» GOAL OF THE EXERCISE
Please give back, exactly as written, the lines from the line with "caramel popcorn" to the line with "Vista-Aérea-No" in the listing below, leaving out all pictures.

» SUPPLIED MATERIAL
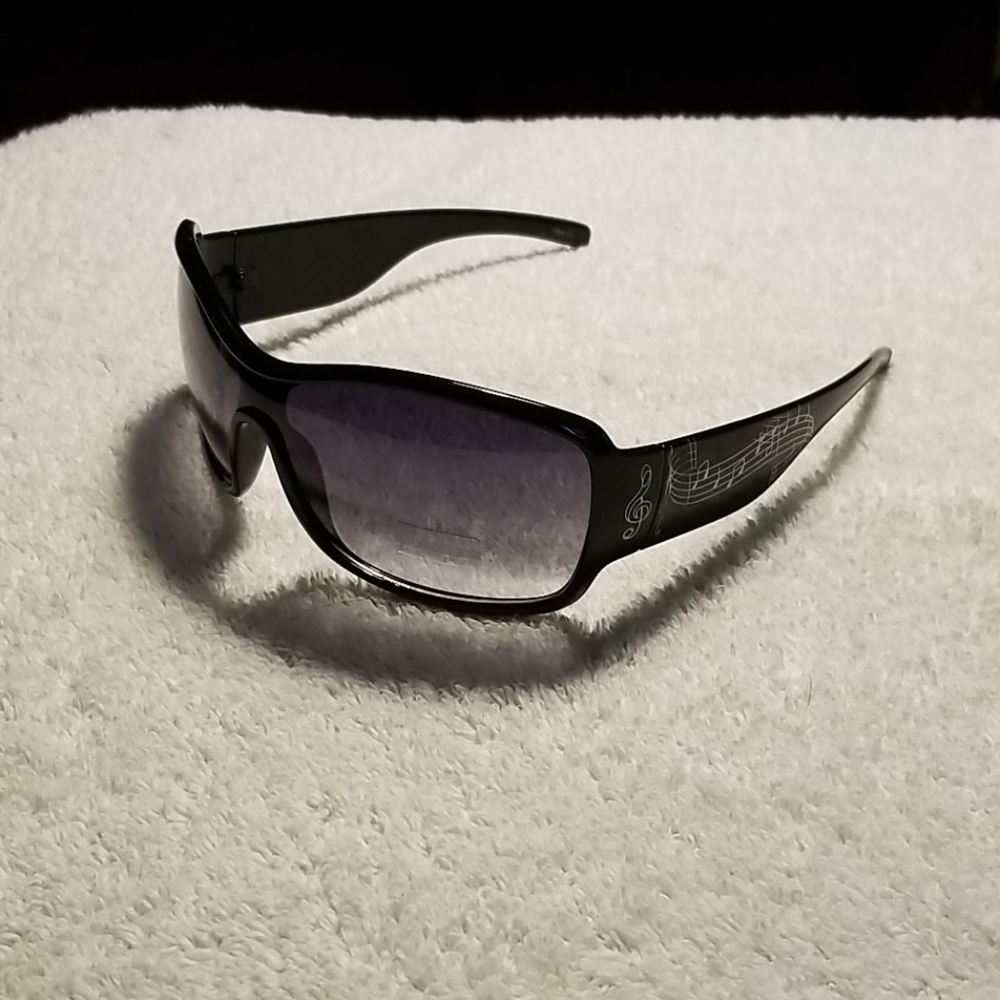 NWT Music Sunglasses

---

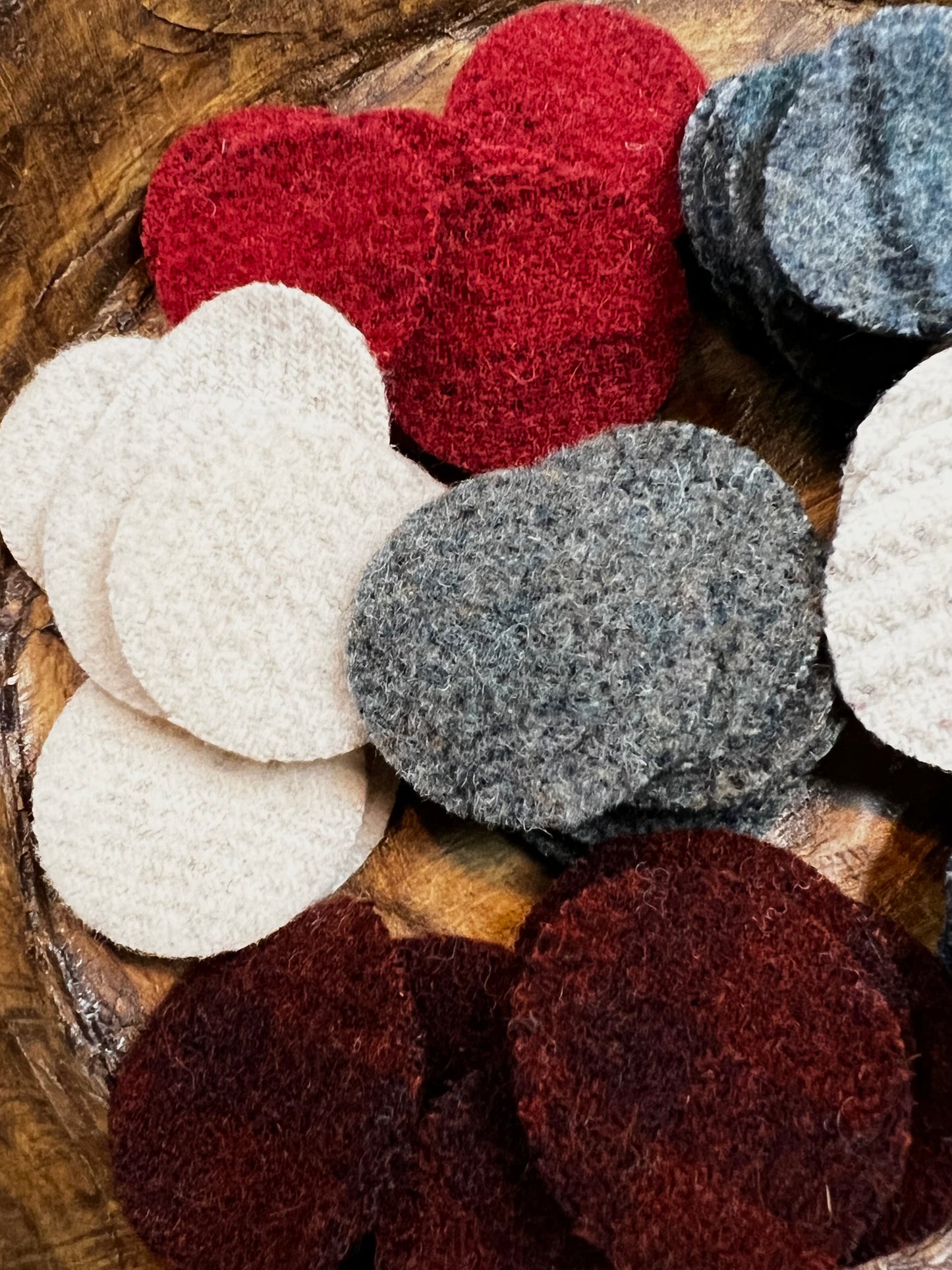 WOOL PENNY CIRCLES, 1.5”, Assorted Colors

---

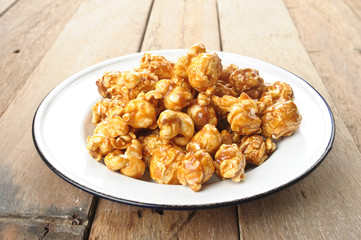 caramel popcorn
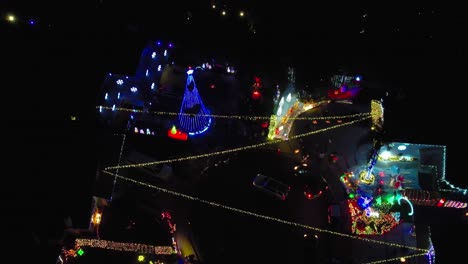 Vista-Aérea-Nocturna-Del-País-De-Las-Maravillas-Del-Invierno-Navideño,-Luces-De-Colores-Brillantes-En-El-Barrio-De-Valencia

» SOLUTION TO THIS TASK
 caramel popcorn
 Vista-Aérea-Nocturna-Del-País-De-Las-Maravillas-Del-Invierno-Navideño,-Luces-De-Colores-Brillantes-En-El-Barrio-De-Valencia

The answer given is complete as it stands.